= Beginning of Section =

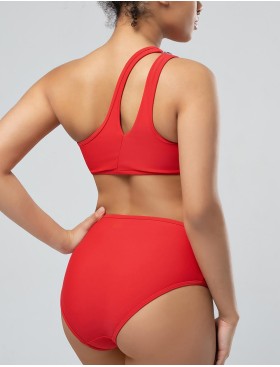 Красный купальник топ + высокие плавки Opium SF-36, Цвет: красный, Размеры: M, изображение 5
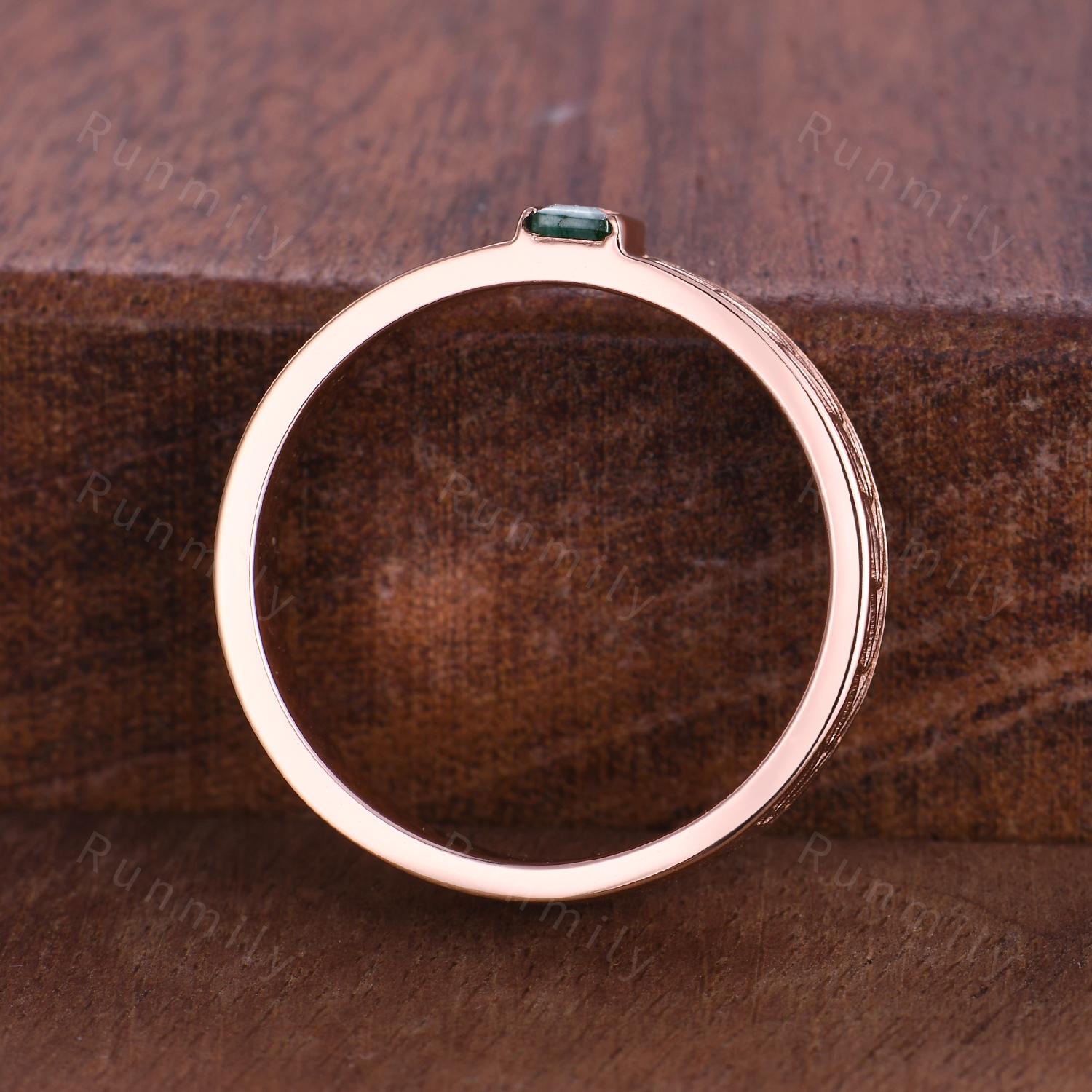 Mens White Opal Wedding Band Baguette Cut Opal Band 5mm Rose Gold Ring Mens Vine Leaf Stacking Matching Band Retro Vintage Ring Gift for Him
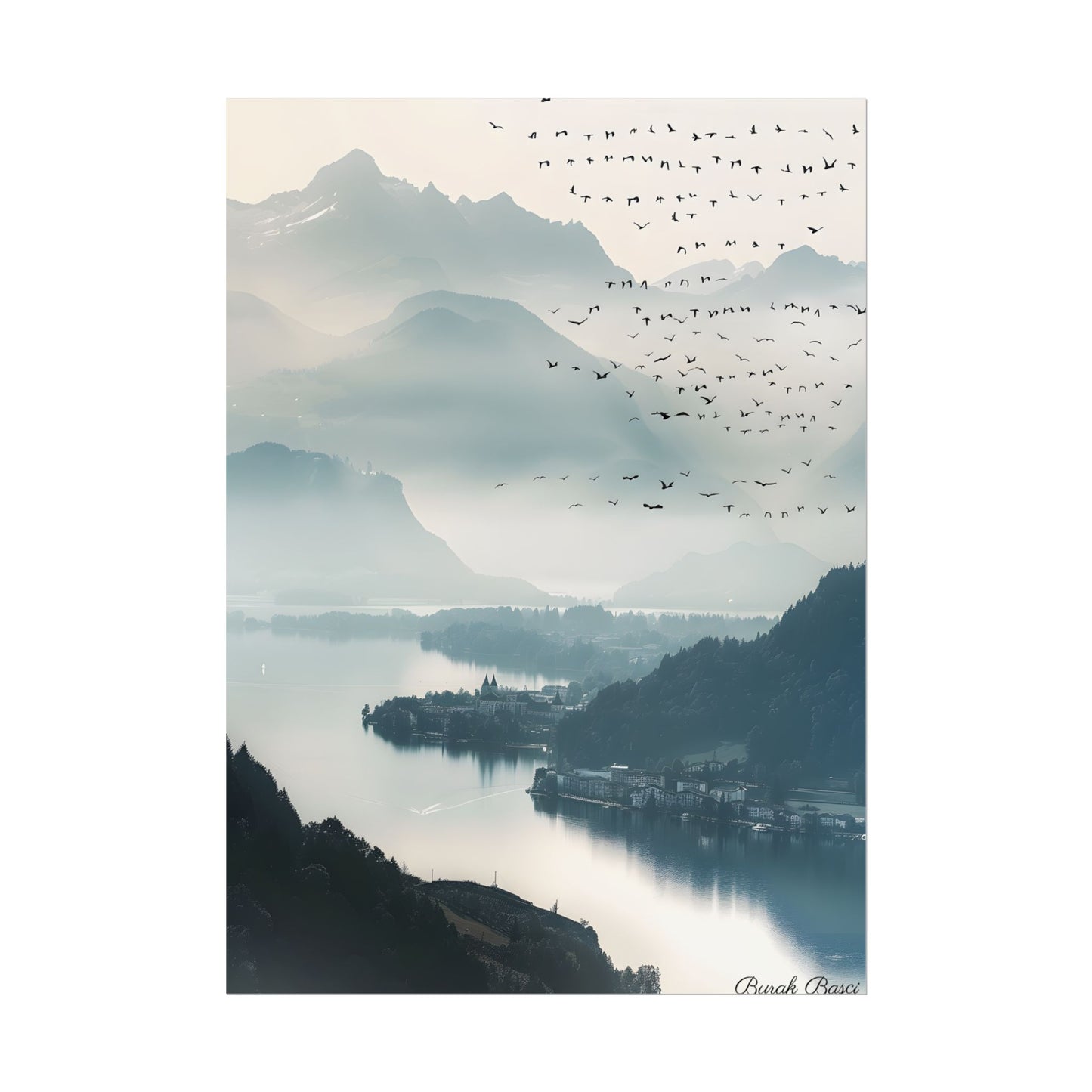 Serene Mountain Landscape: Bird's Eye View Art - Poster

= End of Section =
= Beginning of Section =

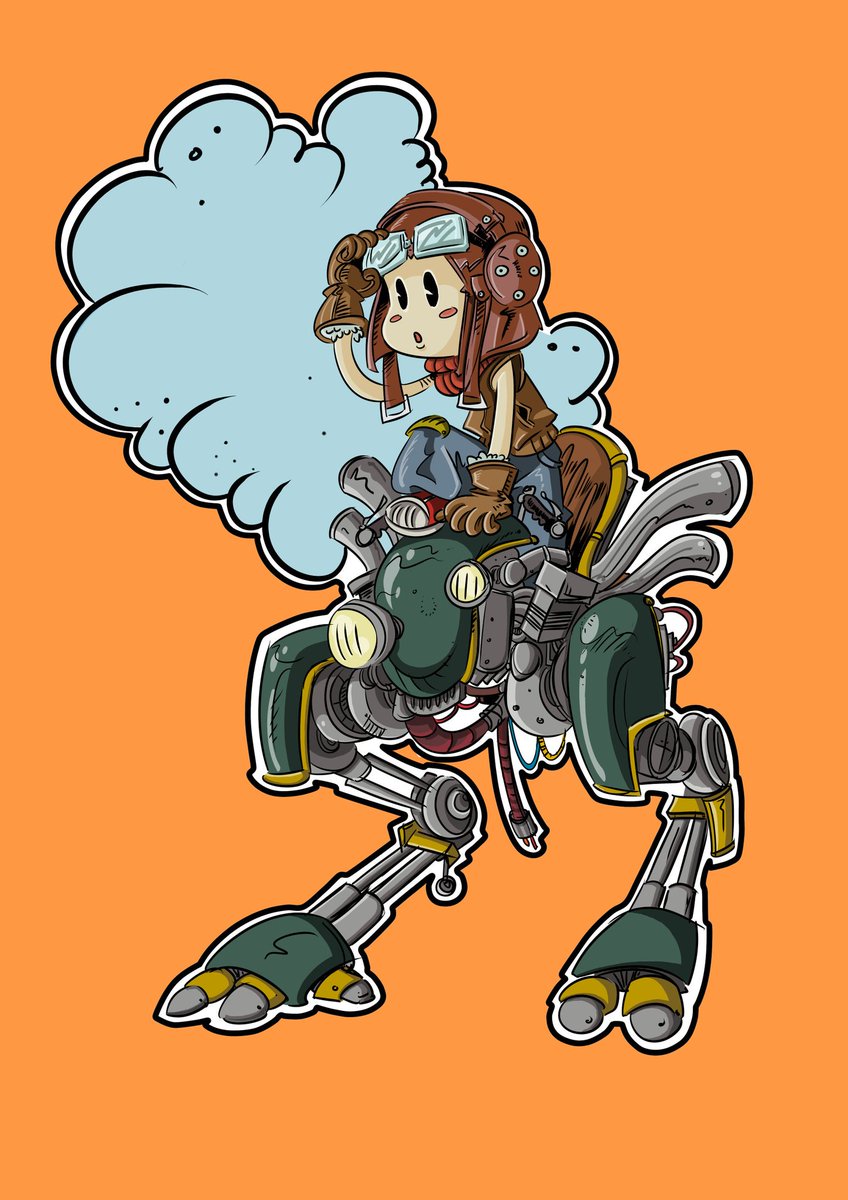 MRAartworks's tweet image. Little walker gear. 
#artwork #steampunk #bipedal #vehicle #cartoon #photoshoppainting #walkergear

= End of Section =

__DIRECTIONS__: Print nothing but the lines above starting with the line that contains "Красный купальник топ" and going on through the line that contains "Serene Mountain Landscape: Bird's". Leave out the pictures.

__RESULT OF THIS TASK__:
 Красный купальник топ + высокие плавки Opium SF-36, Цвет: красный, Размеры: M, изображение 5
 Mens White Opal Wedding Band Baguette Cut Opal Band 5mm Rose Gold Ring Mens Vine Leaf Stacking Matching Band Retro Vintage Ring Gift for Him
 Serene Mountain Landscape: Bird's Eye View Art - Poster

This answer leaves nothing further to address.